» **TASK BRIEF**: When you write the records again, keep every line exactly as it was.

» **INPUT FOR THIS TASK**:
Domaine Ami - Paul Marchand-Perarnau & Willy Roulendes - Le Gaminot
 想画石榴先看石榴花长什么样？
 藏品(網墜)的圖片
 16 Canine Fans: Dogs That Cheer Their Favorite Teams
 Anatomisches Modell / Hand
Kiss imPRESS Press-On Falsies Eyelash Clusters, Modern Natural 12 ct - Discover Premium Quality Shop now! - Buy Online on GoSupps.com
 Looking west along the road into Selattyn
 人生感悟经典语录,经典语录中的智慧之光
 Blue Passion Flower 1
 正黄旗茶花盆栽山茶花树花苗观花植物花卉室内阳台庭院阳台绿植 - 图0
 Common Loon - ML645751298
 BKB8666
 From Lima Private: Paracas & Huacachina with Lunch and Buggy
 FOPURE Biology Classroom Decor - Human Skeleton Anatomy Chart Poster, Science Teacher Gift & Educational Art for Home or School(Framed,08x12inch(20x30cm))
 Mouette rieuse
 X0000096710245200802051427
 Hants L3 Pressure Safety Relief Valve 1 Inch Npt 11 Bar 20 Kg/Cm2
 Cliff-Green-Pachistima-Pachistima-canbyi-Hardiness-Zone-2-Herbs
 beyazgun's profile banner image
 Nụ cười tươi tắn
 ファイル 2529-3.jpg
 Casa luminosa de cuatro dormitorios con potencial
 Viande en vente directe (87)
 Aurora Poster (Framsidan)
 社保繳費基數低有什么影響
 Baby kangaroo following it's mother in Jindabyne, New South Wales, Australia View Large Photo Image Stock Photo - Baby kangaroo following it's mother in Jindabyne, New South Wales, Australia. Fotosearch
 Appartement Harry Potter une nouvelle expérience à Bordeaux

» **OUTPUT OF THE TASK**:
Domaine Ami - Paul Marchand-Perarnau & Willy Roulendes - Le Gaminot
 想画石榴先看石榴花长什么样？
 藏品(網墜)的圖片
 16 Canine Fans: Dogs That Cheer Their Favorite Teams
 Anatomisches Modell / Hand
Kiss imPRESS Press-On Falsies Eyelash Clusters, Modern Natural 12 ct - Discover Premium Quality Shop now! - Buy Online on GoSupps.com
 Looking west along the road into Selattyn
 人生感悟经典语录,经典语录中的智慧之光
 Blue Passion Flower 1
 正黄旗茶花盆栽山茶花树花苗观花植物花卉室内阳台庭院阳台绿植 - 图0
 Common Loon - ML645751298
 BKB8666
 From Lima Private: Paracas & Huacachina with Lunch and Buggy
 FOPURE Biology Classroom Decor - Human Skeleton Anatomy Chart Poster, Science Teacher Gift & Educational Art for Home or School(Framed,08x12inch(20x30cm))
 Mouette rieuse
 X0000096710245200802051427
 Hants L3 Pressure Safety Relief Valve 1 Inch Npt 11 Bar 20 Kg/Cm2
 Cliff-Green-Pachistima-Pachistima-canbyi-Hardiness-Zone-2-Herbs
 beyazgun's profile banner image
 Nụ cười tươi tắn
 ファイル 2529-3.jpg
 Casa luminosa de cuatro dormitorios con potencial
 Viande en vente directe (87)
 Aurora Poster (Framsidan)
 社保繳費基數低有什么影響
 Baby kangaroo following it's mother in Jindabyne, New South Wales, Australia View Large Photo Image Stock Photo - Baby kangaroo following it's mother in Jindabyne, New South Wales, Australia. Fotosearch
 Appartement Harry Potter une nouvelle expérience à Bordeaux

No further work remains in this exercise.